Bolivia es mi país preferido por la crudeza de sus paisajes, de su clima y de su cultura. Es un país extremo. Estar acá cambia mi percepción del tiempo y las distancias, todo parece más lento y más lejano. También la percepción del cansancio, que se va tan rápido como llega. Pero después de caminar veinticinco kilómetros por el salar, estábamos indiscutiblemente muy agotados. Con la carpa ya armada usamos las últimas fuerzas para juntar leña y cocinar una sopa de fideos. Nos acostamos muy temprano.
También nos despertamos muy temprano. Desde la cueva de la Isla del Pescado habíamos visto el atardecer, desde esta de Isla Incahuasi podíamos ver el amanecer.
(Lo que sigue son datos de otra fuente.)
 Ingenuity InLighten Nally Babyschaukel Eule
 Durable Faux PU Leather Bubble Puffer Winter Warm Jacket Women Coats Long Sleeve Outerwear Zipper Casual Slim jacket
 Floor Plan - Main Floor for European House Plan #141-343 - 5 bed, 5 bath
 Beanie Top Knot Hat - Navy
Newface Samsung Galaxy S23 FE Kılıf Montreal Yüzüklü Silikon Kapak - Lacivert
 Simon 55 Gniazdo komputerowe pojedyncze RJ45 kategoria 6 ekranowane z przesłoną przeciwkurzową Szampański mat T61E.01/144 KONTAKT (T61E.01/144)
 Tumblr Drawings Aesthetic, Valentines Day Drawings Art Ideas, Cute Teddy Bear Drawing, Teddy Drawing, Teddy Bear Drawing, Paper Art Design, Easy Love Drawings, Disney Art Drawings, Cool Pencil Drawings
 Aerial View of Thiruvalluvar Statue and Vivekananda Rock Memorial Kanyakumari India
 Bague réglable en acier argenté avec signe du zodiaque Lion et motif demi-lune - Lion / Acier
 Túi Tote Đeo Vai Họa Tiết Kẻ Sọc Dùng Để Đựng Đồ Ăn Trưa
Una gran cantidad de luz naranja corrió paralela a la desproporcionada superficie de sal y atravesó las espinas de los cactus gigantes de la entrada de la cueva.
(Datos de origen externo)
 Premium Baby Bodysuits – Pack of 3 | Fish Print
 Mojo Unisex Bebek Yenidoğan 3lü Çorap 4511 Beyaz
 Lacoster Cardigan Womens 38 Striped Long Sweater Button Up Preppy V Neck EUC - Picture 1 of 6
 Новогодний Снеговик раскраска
Queríamos quedarnos un día más, pero teníamos menos de un litro de agua y no demasiada comida. Cuando queda media botella de agua se ve claro lo incomprensible e inevitable que es el tiempo.
Entonces se me ocurrió ir del otro lado de la isla. A diferencia de Isla del Pescado, a Incahuasi si llegan turistas. Llegan al lado oeste. Ahí fui a pedir algo de agua. Al primero que le pregunté era un tipo llamado Nathan (o eso creo recordar) que viajaba con chofer y cocinera. Les conté la excursión que estábamos haciendo. Nathan me regaló dos litros de agua y le agregó dos gigantescas barras de cereal y chocolate. Su chofer me dio dos litros más, me dijo que no lo iban a necesitar, que ya estaban terminando un tour de cuatro días y les sobraba mucha. La cocinera me agregó dos porciones de torta casera.
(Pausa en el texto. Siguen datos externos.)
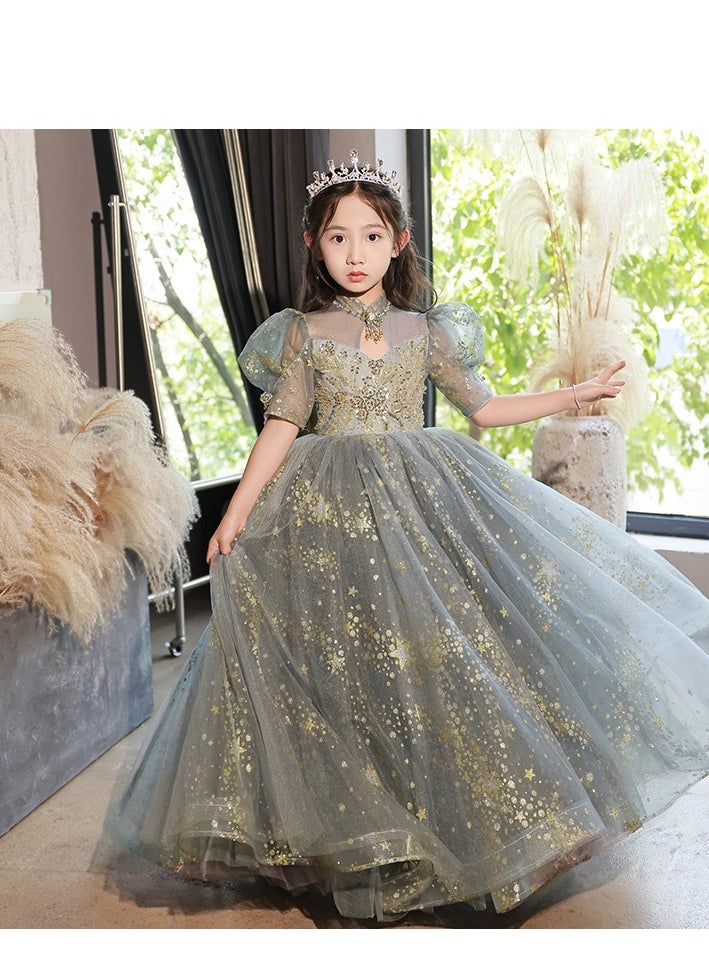 Children's Evening Dress, High-End Princess Dress, High-End Piano Performance Costume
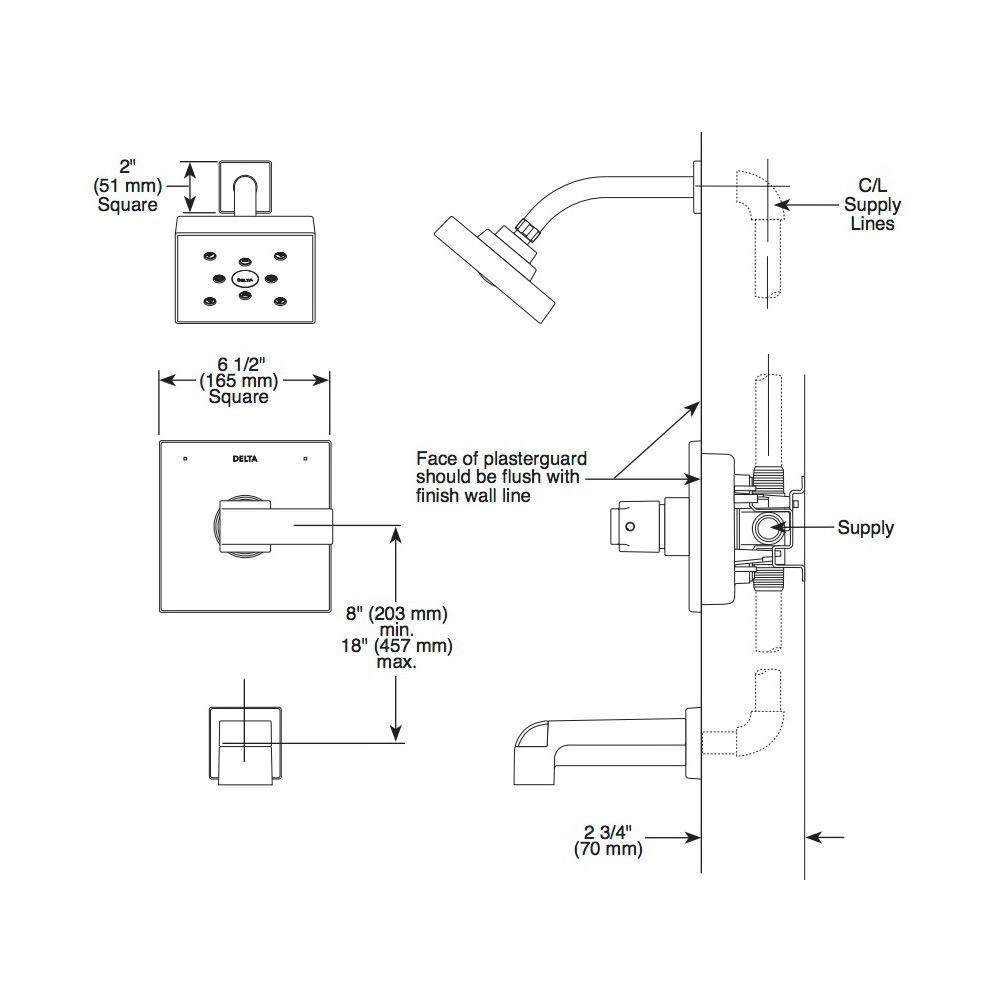 Delta T14467 Ara 14 Series Mc Tub Shower Trim Less Head Stainless 2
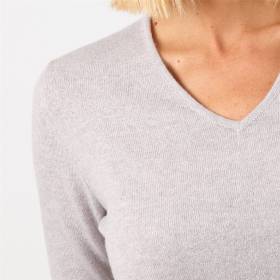 Pull col v cachemire marbre . .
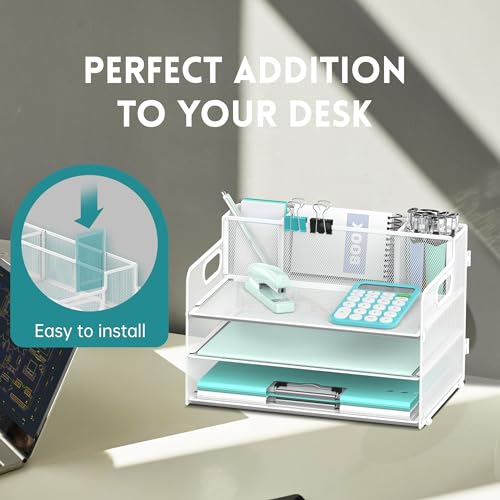 SUPEASY 3 Tier Desk Organizer with Handle & 3 Pen Holders, Mesh Paper/File Organizer for Desk, Paper Letter Tray Organizer for Office Supplies (White), 1 Pack, 3CST-3PH - Image 4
Al volver al lado este de la isla, Vane, desde la cueva, me vio llegar con las provisiones. Los ojos le brillaban como las espinas de los cactus.
Ese día lo pasamos entre la cueva, el resto de la isla y la sal.
Cerca del medio día volvimos al lado oeste. A un grupo de turistas adinerados les sobró mucha comida y la cocinera nos regaló unos buenos platos.
Nos dimos cuenta de que podíamos quedarnos en la isla el tiempo que quisiéramos viviendo de la caridad turística, el pudor estaba lejos de frenarnos. Pero nuestra piel pidió otra cosa. Estaba reseca y percudida. No había agua para lavarnos. Teníamos los dedos lastimados en los bordes de las uñas, los pies ampollados y los labios agrietados por el sol.
Disfrutamos de un amanecer más y decidimos volver.
Pensamos en caminar hasta la zona donde pasaba el destartalado bus, unos diez kilómetros al noreste de la isla, pero disfrutamos una vez más de la caridad turística: volvimos a dedo, una camioneta nos llevó de regreso a Uyuni.